Driving fast through the little town, Ben made a ten-second call to Luc Simon, to tell him where the Swiss cops could find their missing fugitive. He could have told Luc where he was going from here, but had already decided that could wait.
Reaching the square, Ben checked the wooden sign again. This time, he took the direction for
Bahnhof
.
‘The railway station?’ Silvie said, turning to stare at him. ‘What do we need a train for?’
‘We don’t,’ Ben told her. ‘You do. This is where we part ways.’
She looked at him blankly. ‘Where am I going?’
‘Back to base. Home. Wherever you want, except where I’m going.’
‘Are you kidding me?’
‘I need to finish this by myself,’ he said.
‘You can’t leave me hanging.’
‘I can’t be responsible for what happens to you.’
‘Don’t patronise me.’ Her jaw clenched, making her face look tight and hard. ‘This wasn’t the deal, Ben.’
‘There is no deal,’ he said. ‘There’s just me and Streicher.’
‘And upward of a dozen more Parati, tooled up and ready to die to defend him.’
‘They’d better be ready to die,’ he said. ‘Because that’s what’s going to happen to them.’
‘You go in there alone,’ Silvie said, ‘you’d better be ready to die too.’

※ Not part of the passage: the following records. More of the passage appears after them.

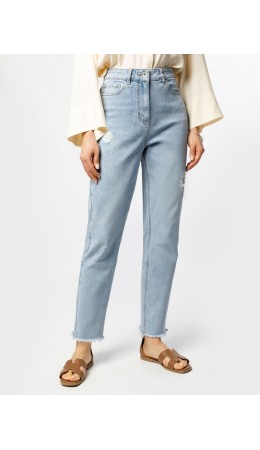 Джинсы женские голубой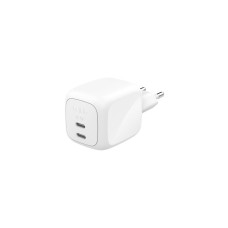 Зарядний пристрій Belkin 2xUSB-C PD67W GaN PPS white (WCH020KQWH)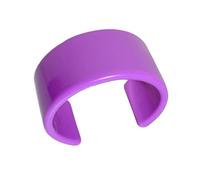 ZEPFJHE Indiano Partito Gioielli Moda Colorato Robusto Resina Acrilico Grande Aperto Braccialetti Per Le Donne Geometria Larghi Bracciali Geometria Bracciali Larg, Misura unica, come descritto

Many kilometres away, deep below the Swiss countryside, Udo Streicher walked down the white-tiled corridor and entered the laboratory. It consisted of an outer chamber, in which it was unnecessary to wear protective clothing, and a maximum-containment inner chamber from which it was securely sealed off by thick glass and an airlock chamber. The walls were bare except for a large clock. Down here where the generator-fed neon lights worked twenty-four-seven, you soon lost track of day and night.
On the other side of the glass, Anton Lindquist looked like a spaceman inside the same model of BSL-4 positive pressure protection suit he’d worn during his days as a lab technician at the European Centre for Disease Control in Stockholm, the job he’d been in when Streicher had first recruited him to the Parati. He was hooked up to his air supply via a curly plastic hose long enough to allow him to move freely about the room, and able to talk over the speaker system via the mic behind his PPPS suit visor. He had his back to the glass, intent on working at a massive stainless-steel bench that stretched from wall to wall and was covered in a range of equipment whose purpose Streicher could only guess at, even if he had paid for it all. There were incubators and vaccine baths, a huge vacuum pump, a centrifuge, a microscope wired up to a computer screen, racks of container jars and Petri dishes and all kinds of assorted tools and gadgets strewn everywhere. Streicher wasn’t too interested in knowing what any of it did. The end result was his only real concern, and that end result was taking far longer to achieve than he’d initially been given to understand.
Streicher rapped on the glass. Lindquist didn’t hear because the rush of his air supply tended to drown out most background sounds. Streicher rapped the glass harder, and the figure in the moon suit suddenly stiffened and spun around like a startled rabbit.
‘You frightened me,’ he said, his voice sounding scratchy and metallic through the speaker in the outer chamber. His glasses were steamed up behind the visor. He’d been expecting this visit from his boss, only not so soon.
‘What progress are we making?’ Streicher asked, laying emphasis on the
we
.
‘Oh, er, some. I mean, we are. It’s getting there.’
‘It’s been days,’ Streicher said. ‘You promised me this wouldn’t take long.’